### Data block
———
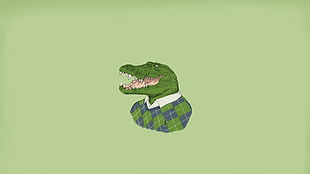 green and purple plastic toy, Crocodile (character), minimalism HD wallpaper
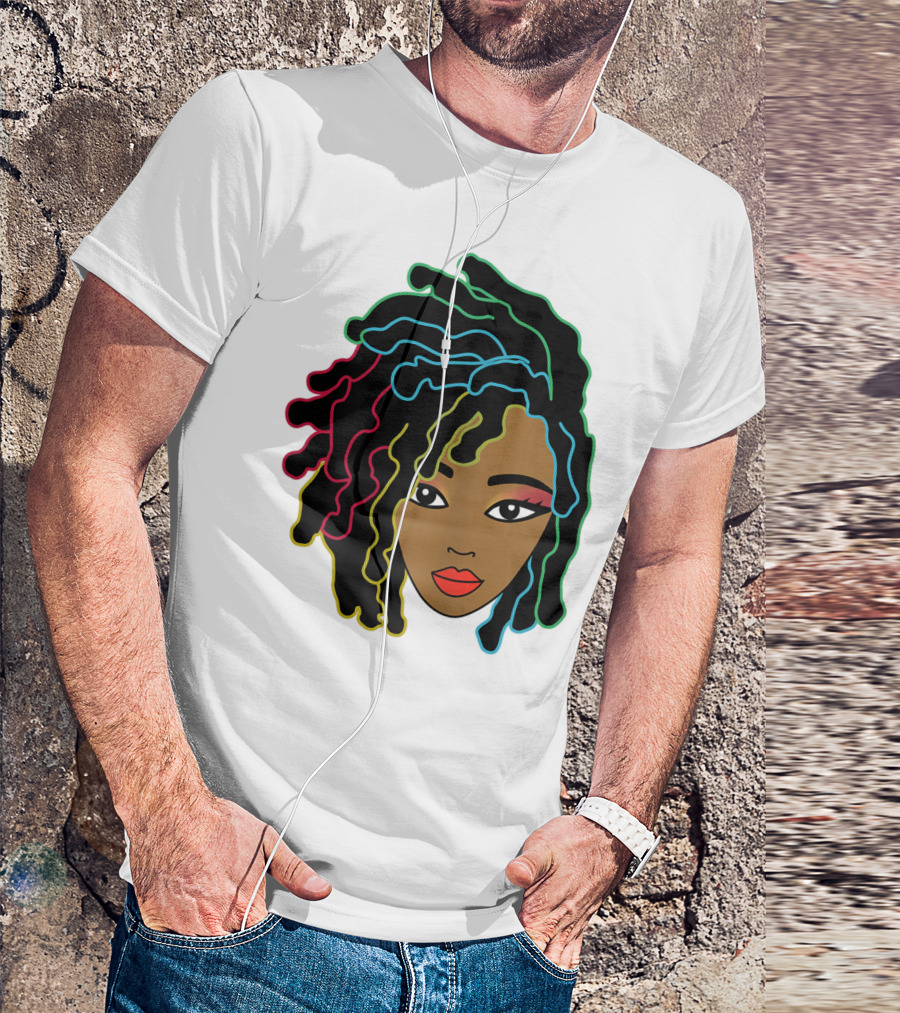 Black Girl With Colorful Locs Hair Pride T-Shirt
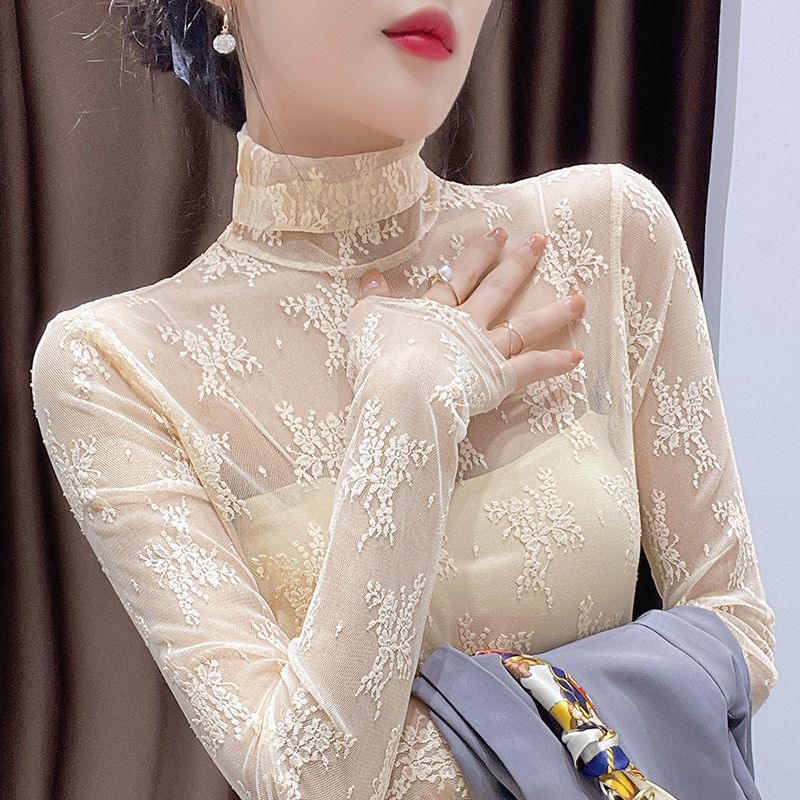 堆堆高領蕾絲打底衫女秋冬2021洋氣白色內搭紗衣性感緊身網紗上衣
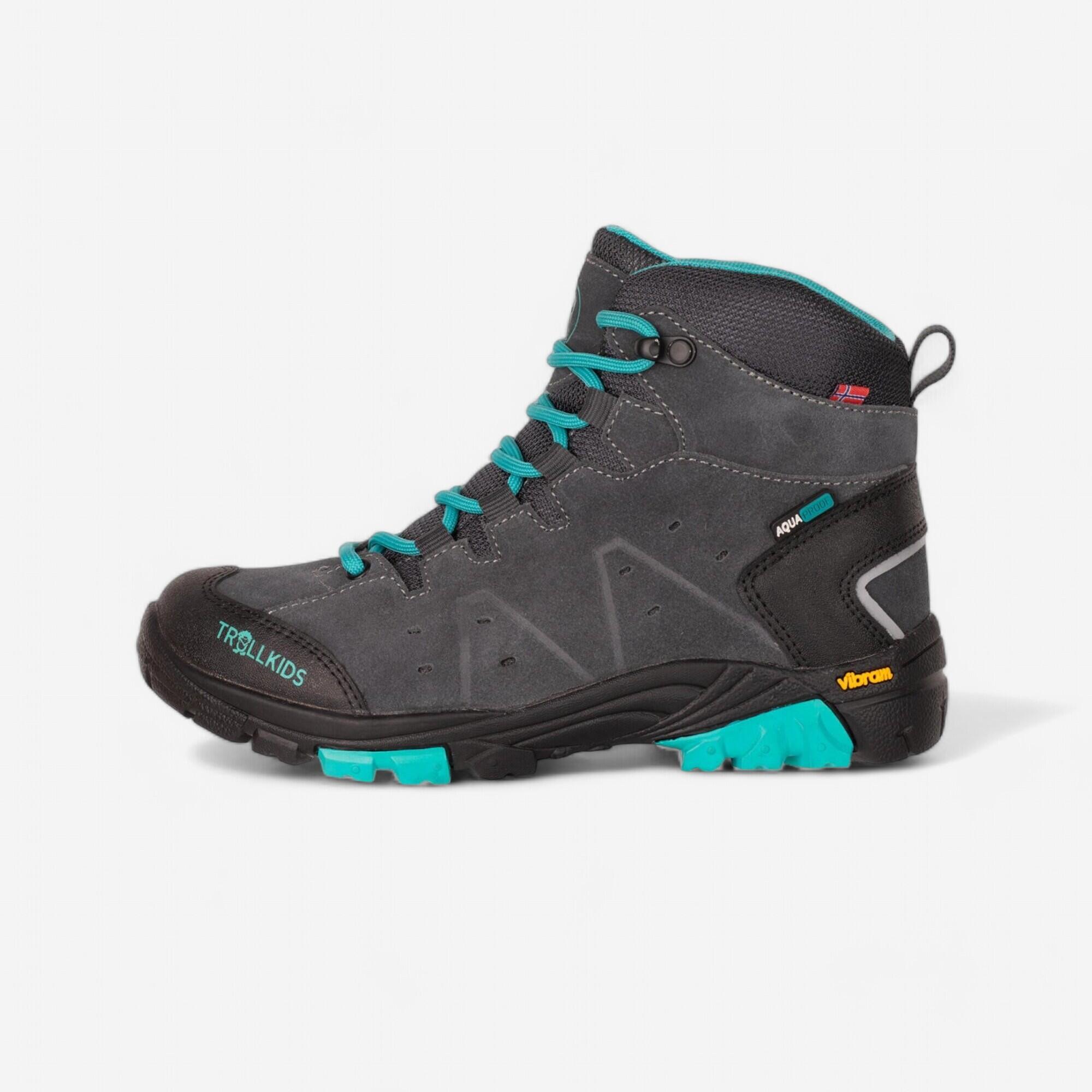 TROLLKIDS Waterdichte wandelschoenen voor meisjes Trollsteinen Hiker mid grijs blauw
———
### Assigned task
The data above should be repeated exactly, minus any pictures.

### Task output
 green and purple plastic toy, Crocodile (character), minimalism HD wallpaper
 Black Girl With Colorful Locs Hair Pride T-Shirt
 堆堆高領蕾絲打底衫女秋冬2021洋氣白色內搭紗衣性感緊身網紗上衣
 TROLLKIDS Waterdichte wandelschoenen voor meisjes Trollsteinen Hiker mid grijs blauw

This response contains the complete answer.